(Data items)
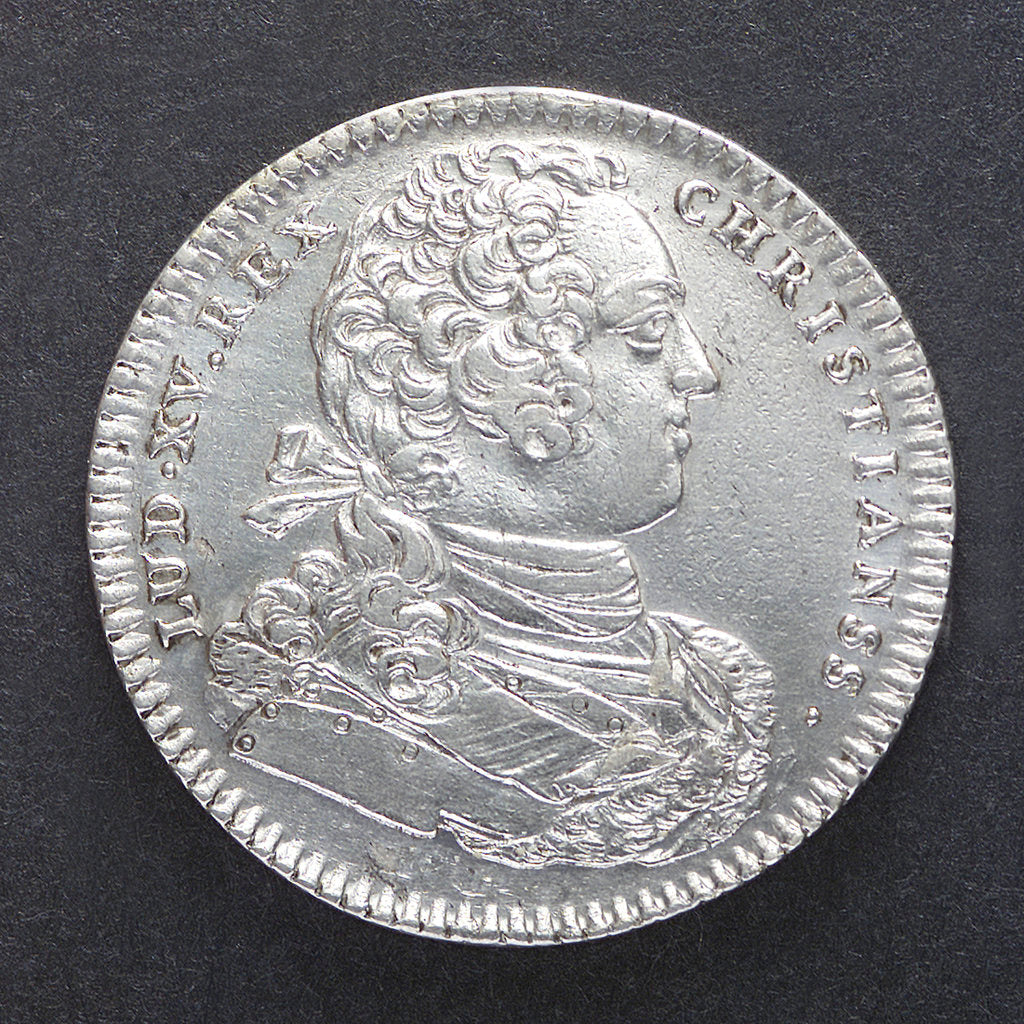 Detail of Counter commemorating peace with the Tripoli pirates, 1730; obverse by unknown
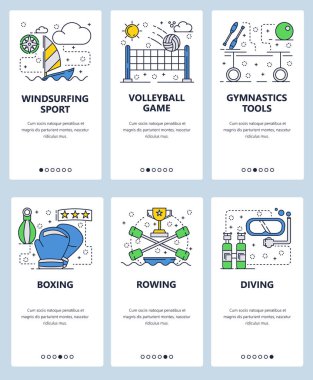 Vektör web sitesi doğrusal sanat onboarding ekranları şablonu. Spor simgeleri, voleybol, Kano, Rüzgar Sörfü, Dalış ve boks. Menü afiş Web sitesi ve mobil uygulama geliştirme için. Modern tasarım düz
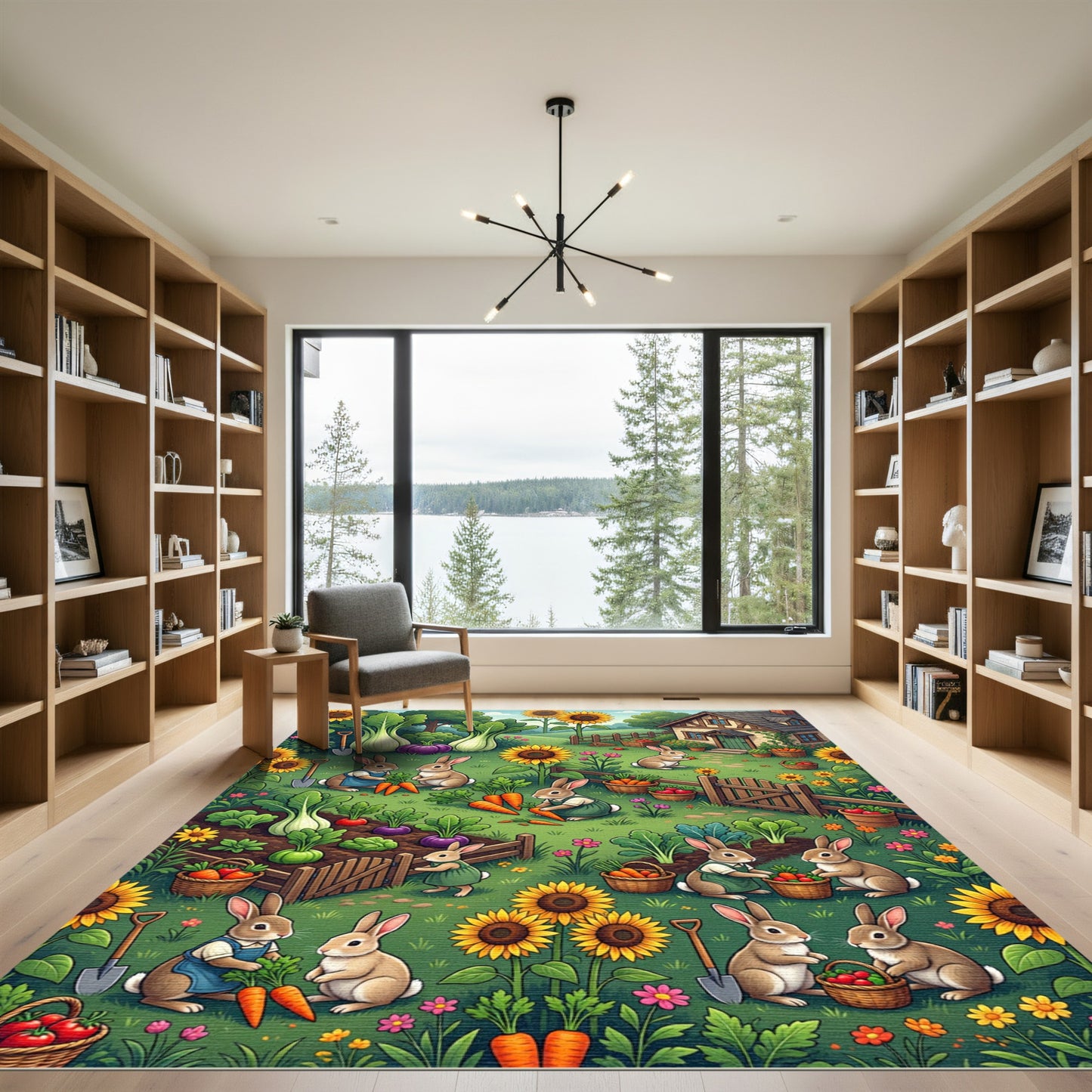 Whimsical Garden Rabbits with Sunflowers Rug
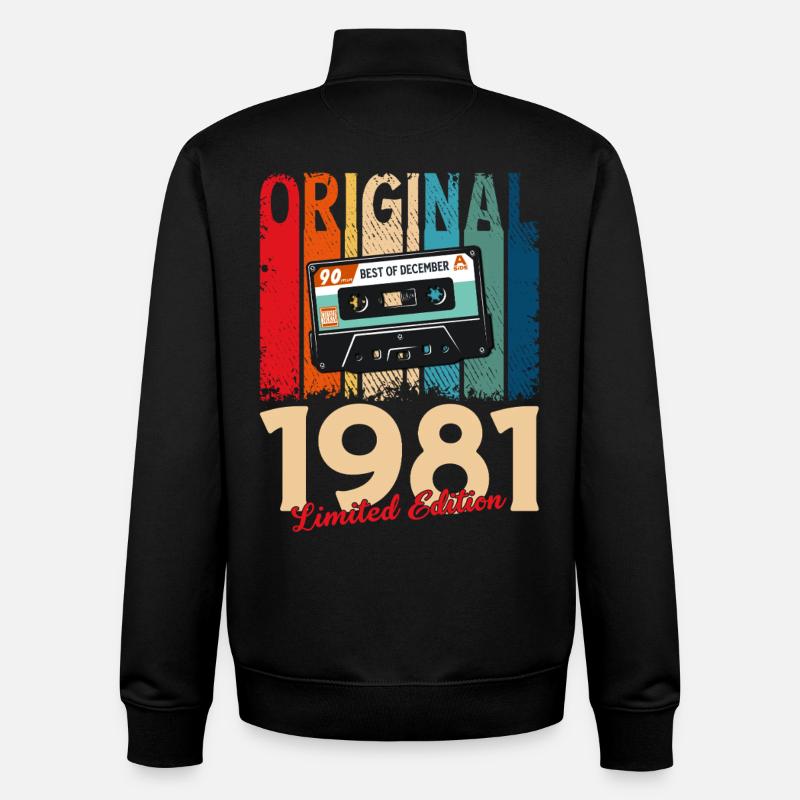 44e anniversaire cassette décembre 1981 - Sweat zippé unisexe en coton bio Stanley/Stella - noir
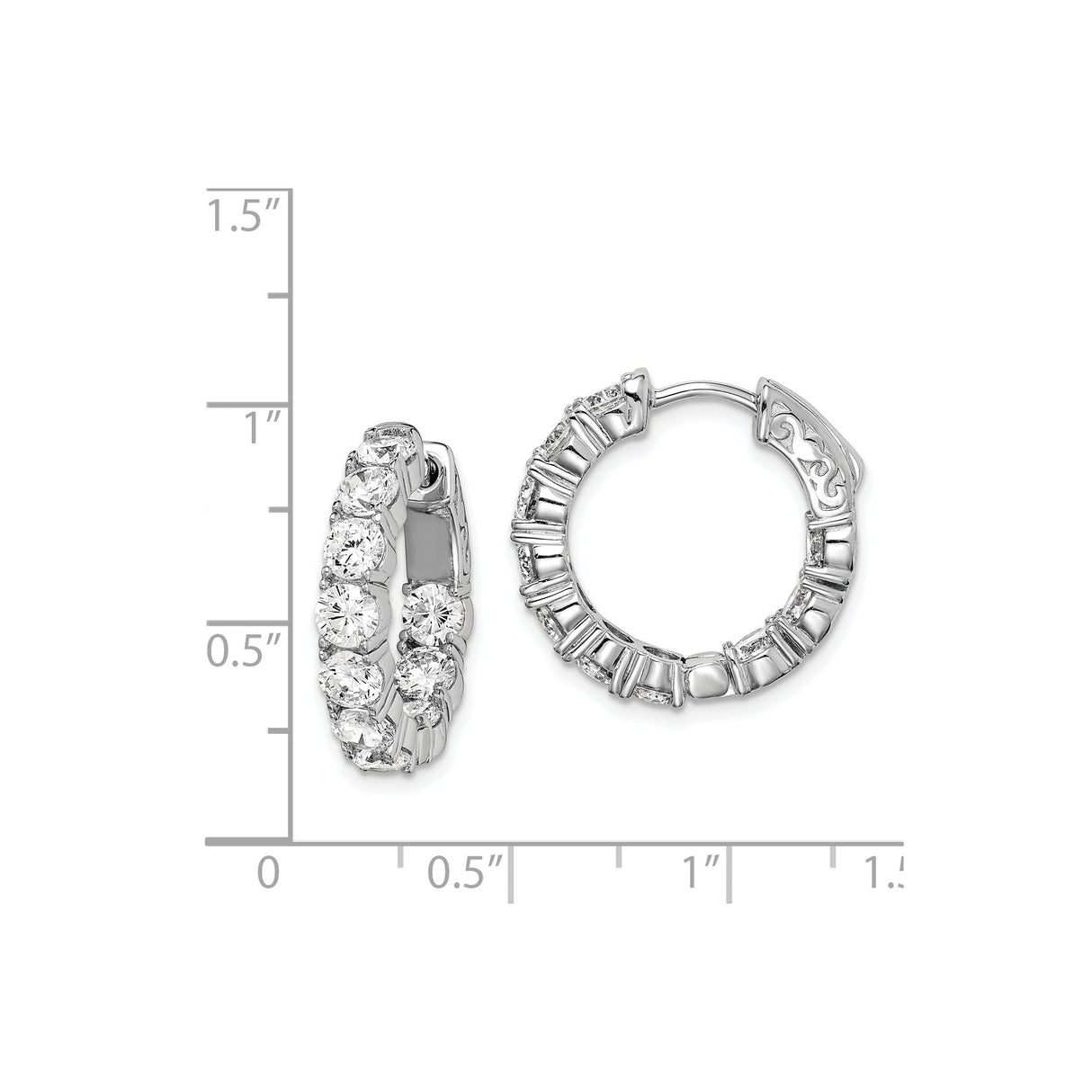 Sterling Silver Hoop Earrings with Cubic Zirconia, Prong Setting, Polished Finish, Scroll Detail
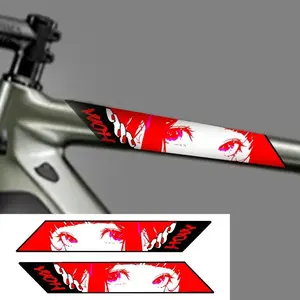 Bike Stickers, Road Bike Down Tube Anime Eyes Mountain Bike Decor JDM Waterproof Decal Accessories for Motorcycle Helmet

What to do: Only the lines from the one containing "44e anniversaire cassette" through the last line of the data above, both included, belong in the reply, each restated exactly and without pictures.

Answer:
 44e anniversaire cassette décembre 1981 - Sweat zippé unisexe en coton bio Stanley/Stella - noir
 Sterling Silver Hoop Earrings with Cubic Zirconia, Prong Setting, Polished Finish, Scroll Detail
 Bike Stickers, Road Bike Down Tube Anime Eyes Mountain Bike Decor JDM Waterproof Decal Accessories for Motorcycle Helmet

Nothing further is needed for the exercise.